Avvocato De Mitri, l’aiuto che Viviana e la madre hanno dato ad Alessia non è stato sufficiente. Perché?
«Viviana ha nove anni in più di Alessia ed è molto diversa da lei: uscita di casa presto per mantenersi, tanti lavori umili alle spalle e una separazione, in questi anni ha mantenuto a fatica i rapporti con la sorella. Neanche era stata avvisata che sarebbe diventata zia. È stata Alessia a non volere ingerenze, a impedire le videochiamate con la madre e la sorella. Alla madre diceva che la bimba dormiva, alla sorella che la lasciasse in pace e che Diana stava bene. E in effetti fino alla primavera del 2022 la bimba era ben curata».
Dopo, cos’è successo?
«Alessia Pifferi ha tentato in ogni modo di far funzionare la relazione con Angelo Mario D’Ambrosio, “il bergamasco”, che era tornato a cercarla. Così ha iniziato a prostituirsi per racimolare denaro e allo stesso tempo a lasciare da sola la piccola per qualche weekend, fino alla settimana fatale».
Avvocato De Mitri, perché l’ergastolo ad Alessia Pifferi?
Perché l’ergastolo? Una pena che non è stata data neanche ad Annamaria Franzoni, condannata il 30 gennaio 2002 per l’omicidio del piccolo Samuele Lorenzi a 16 anni di carcere, e che ora è libera.
«I giudici hanno deciso che Alessia Pifferi sia l’unica responsabile della morte della bambina e che questo comportamento rappresenta un rarissimo caso di omicidio provocato dall’omissione di un soggetto che rivestiva una posizione di garanzia nei confronti della figlia minore: cioè una madre che non ha prestato le cure necessarie alla bimba piccolissima. Alessia Pifferi è stata condannata all’ergastolo perché ritenuta colpevole di omicidio volontario aggravato dal rapporto di parentela e perché ha agito mettendo in conto il rischio che la piccola potesse morire a causa del suo abbandono.
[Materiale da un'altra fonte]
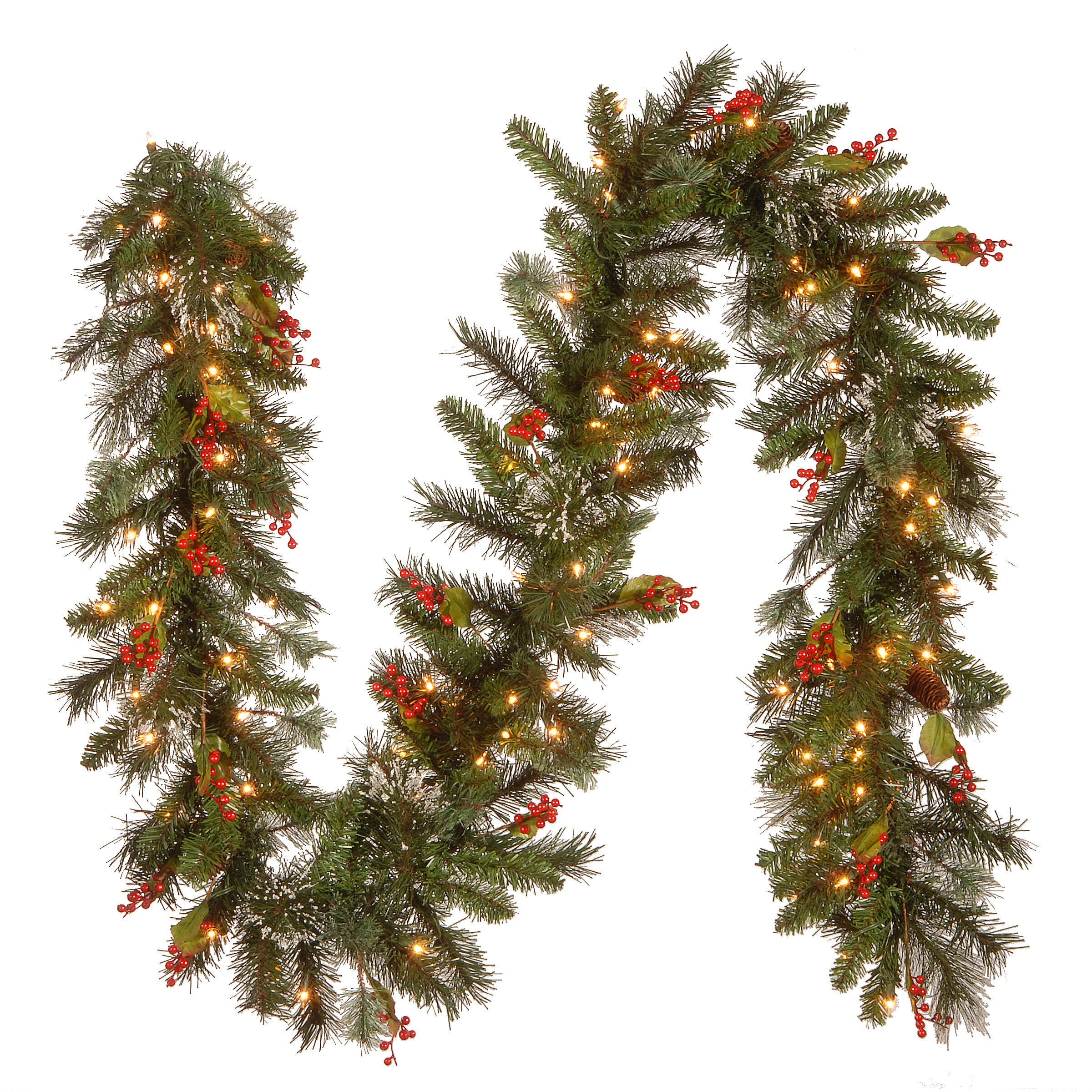 National Tree Company 9 ft. Wintry Pine Garland with Clear Lights, , large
Poi si è dimostrato che non soffre di alcun disturbo psichiatrico tale da condizionare la sua condotta: il perito l’ha considerata capace di intendere e volere nel momento in cui lasciò da sola la bambina, più volte, fino a quella fatale. Gli unici fattori psichici emersi sono la dipendenza da uomini più grandi di lei, e la cosiddetta alessitimia, cioè l’assenza patologica di empatia (definizione che abbiamo tutti imparato in questo processo). Fattori, però, che non sono stati considerati in grado di influire su una decisione come quella di abbandonare la bambina per sette giorni».
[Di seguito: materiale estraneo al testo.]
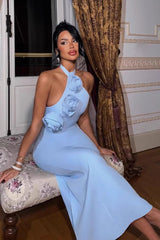 Flirty Halter Slit Party Dress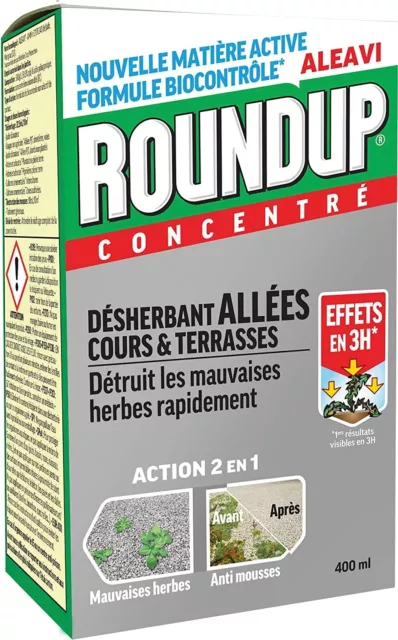 Désherbant Roundup Mauvaises Herbes Mousses 400ML pour Allées Cours Terrasses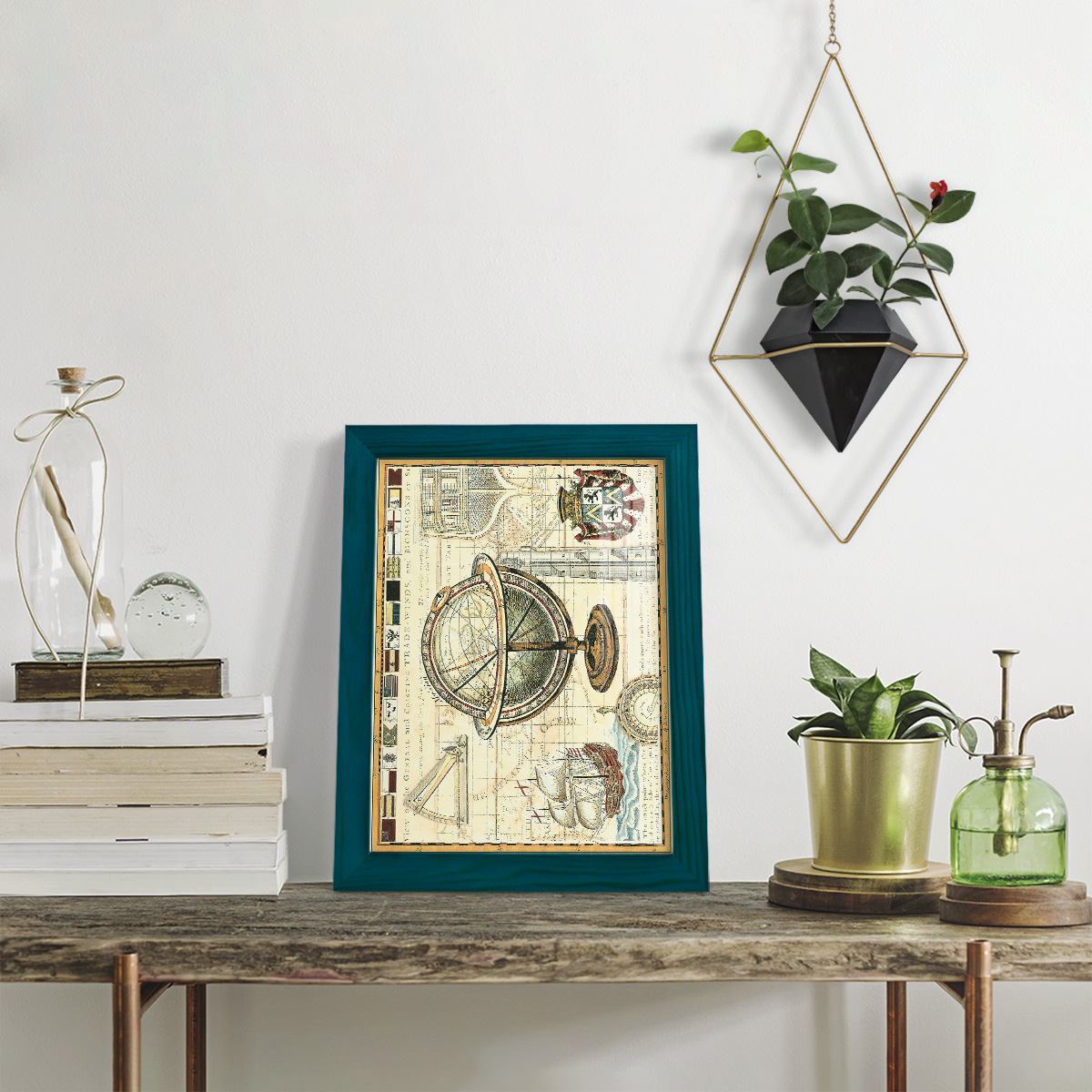 Nautical Map II -Framed Print w/glass-Ocean Blue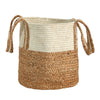 Nearly Natural 0359-S1 14" Boho Chic Basket Natural Cotton and Jute with Handles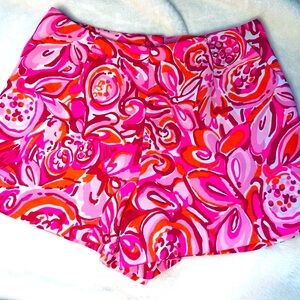 Lilly Pulitzer Pink and Orange High Waist Shorts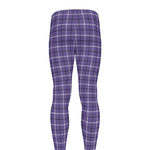 Purple And White Tattersall Print Men's leggings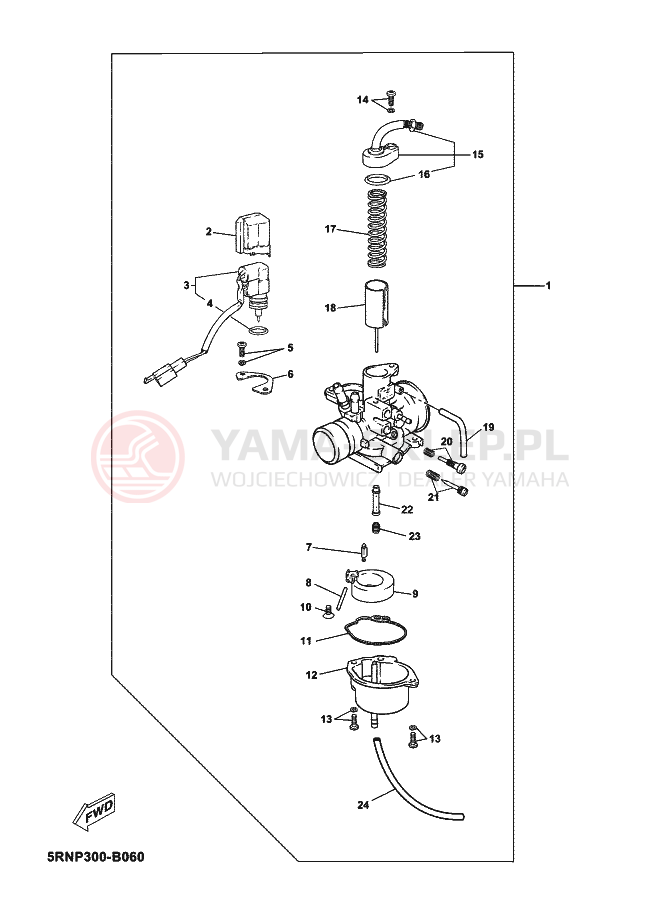 Schemat "Gaźnik" do Yamaha JOG RR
Il primo libro su Alessia Pifferi
Il processo ad Alessia Pifferi ci ha scosso così tanto non solo per la mostruosità contro natura di quanto è accaduto, ma anche per l’aspetto sociologico: la Milano dimenticata di Ponte Lambro, a pochi chilometri dal glam di piazza Gae Aulenti, dove Alessia Pifferi non era mai stata fino ai suoi 36 anni. E da dove parte il libro del giornalista Alessandro Gilioli Un futuro gioioso davanti (ed Nutrimenti), proprio la frase che usa la Pifferi a inizio 2022, quando ricomincia la relazione con Angelo Mario D’Ambrosio, “il bergamasco”, che sarà fatale in quell’estate maledetta.
Ponte Lambro, dove tutto nasce
Il libro-inchiesta analizza i tanti dubbi emersi in questo processo che, come ci spiega l’autore, «ha portato alla luce l’insondabilità della mente umana e la nostra difficoltà a interpretarla, ha sovrapposto psicologia e psichiatria, deficit e difficoltà, per arrivare a “mostrificare” Alessia Pifferi. Una figura detestabile e bugiarda ai limiti del grottesco, che non merita alcuna forma di solidarietà, ma rispetto alla quale siamo chiamati a chiederci se abbia senso riabilitativo tenere chiusa in carcere per sempre questa donna allo stesso tempo ripugnante e confusa, che forse non ha mai consapevolmente voluto la morte della figlia ma senz’altro ha agito in modo da provocarla».